R – É uma feira que já está enraizada nas povoações à volta e no próprio concelho da Guarda. Também vêm muitas pessoas de fora e, por isso, vale a pena continuar. Será preciso fazer alguns pequenos acertos para que continuemos a incentivar a vinda de mais gente, numa aposta no turismo. De qualquer forma, vê-se pelo número de pessoas que as coisas estão a correr bastante bem, na continuidade dos anos anteriores. São milhares de pessoas que vêm ver os animais e criam uma importante dinâmica na economia local, fundamental para esta zona.

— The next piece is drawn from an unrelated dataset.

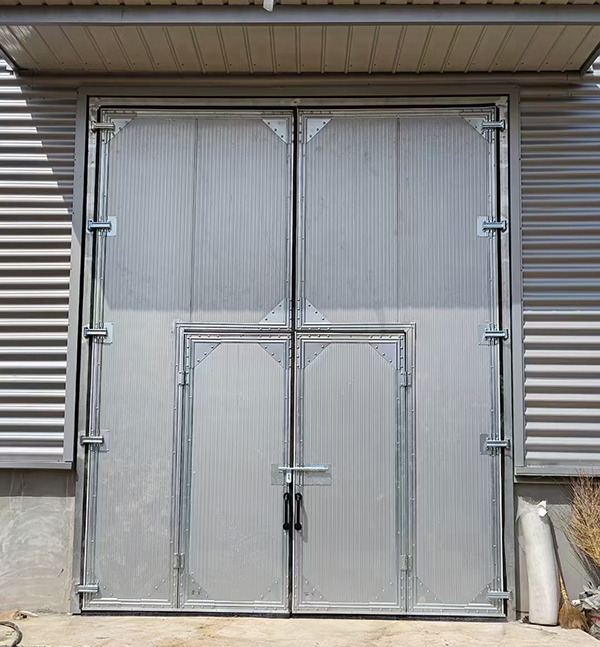 博乐工业平开门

P – Quanto ao número de criadores da vaca jarmelista, como tem sido a evolução?
R – O número de produtores da vaca jarmelista tem aumentado. É das poucas raças de bovinos autóctones que continua com um ligeiro aumento. Não é aquilo que pretendíamos, queríamos muito mais, mas estamos a percorrer o caminho, fruto também do incentivo das ajudas comunitárias à instalação de jovens agricultores com raças autóctones. Continuamos a dar passos, mas vamos evoluindo lentamente. Alguns produtores já estão a fazer a comercialização direta dos animais para carne e todos sabemos que, como raça autóctone, a carne jarmelista é muito, muito, boa. Na edição deste ano tivemos 14 criadores de ovinos, cinco criadores de caprinos e 10 criadores de bovinos jarmelistas. É um ótimo número, mas vamos continuar a lutar para que tenhamos aqui ainda mais produtores e mais gente. Temos que alargar este espaço porque as pessoas vêm também para ver os animais. É uma festa de todos, mas a dinâmica são os animais. Gostamos muito que as pessoas tenham noção do tratamento e do trato que nós damos aos animais, para que passe a mensagem verdadeira de que, em primeiro lugar, salvaguardamos o bem-estar dos animais.

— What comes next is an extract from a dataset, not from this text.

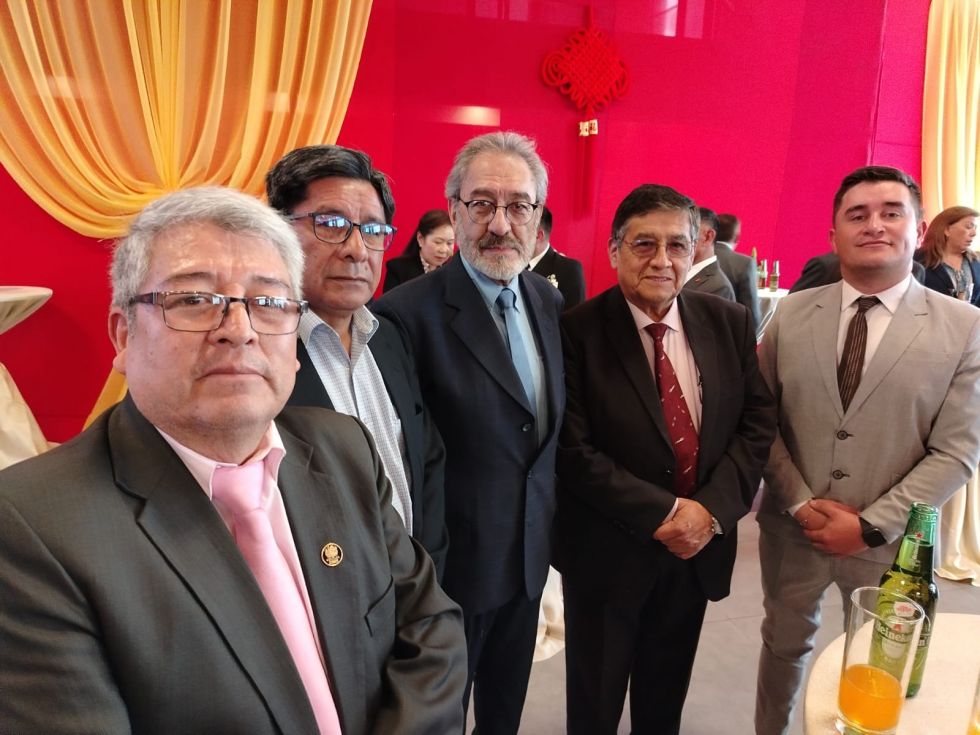 China, Bolivia, El País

P – E a realização do primeiro concurso gastronómico valeu a pena?
R – Foi muito positivo. Apesar de pensarmos que, sendo o primeiro ano, poderia haver uma adesão muito pequena, não foi isso que aconteceu. Tivemos os dois restaurantes, com capacidade para 180 pessoas, completamente cheios, numa excelente dinâmica entre as sete da tarde e a uma da manhã. A noite de sábado também ajudou e correu maravilhosamente bem. Faz todo o sentido continuarmos a promover aquilo que é nosso e dizermos às pessoas que venham, que provem aquilo que é nosso, porque, efetivamente, sabe-nos muito melhor. É importante salientar que garantimos ao consumidor que os produtos que vendemos são de animais criados em modo extensivo, em perfeita liberdade e, por isso, trazem um selo de qualidade e diferenciado de todos os outros.

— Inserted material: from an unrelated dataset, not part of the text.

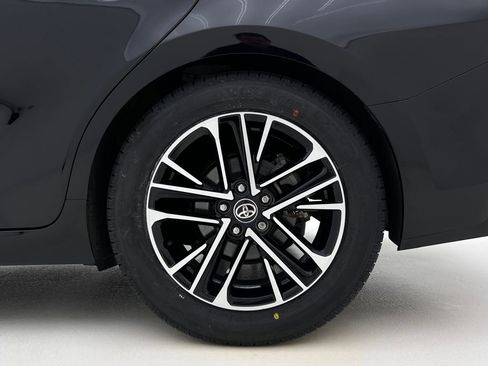 Used 2025 Toyota Camry XLE w/ Premium Plus Package image 26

P – Concorda que sem o suporte da Acriguarda a realização desta feira concurso não seria possível?
R – Esta feira começou com a Direção de Alimentação e Veterinária, mas atualmente a DGAVE deixou de ter capacidade para promover esta dinâmica e, na primeira oportunidade, na primeira solicitação que foi feita à Acriguarda, aceitámos o desafio. Estou há 35 anos na Acriguarda e desde aí tem sido a associação de criadores a promover todos os regulamentos e a entrada. É o júri de admissão e sem nós, efetivamente, isto não se faria. Não existe nenhuma associação na Guarda ou no distrito que tenha a dinâmica e capacidade técnica que nós temos para promover esta feira. Somos também os primeiros interessados, porque os nossos sócios são os agricultores e temos de defendê-los. Também os convidamos a participar nesta feira e a adesão está à vista de toda a gente.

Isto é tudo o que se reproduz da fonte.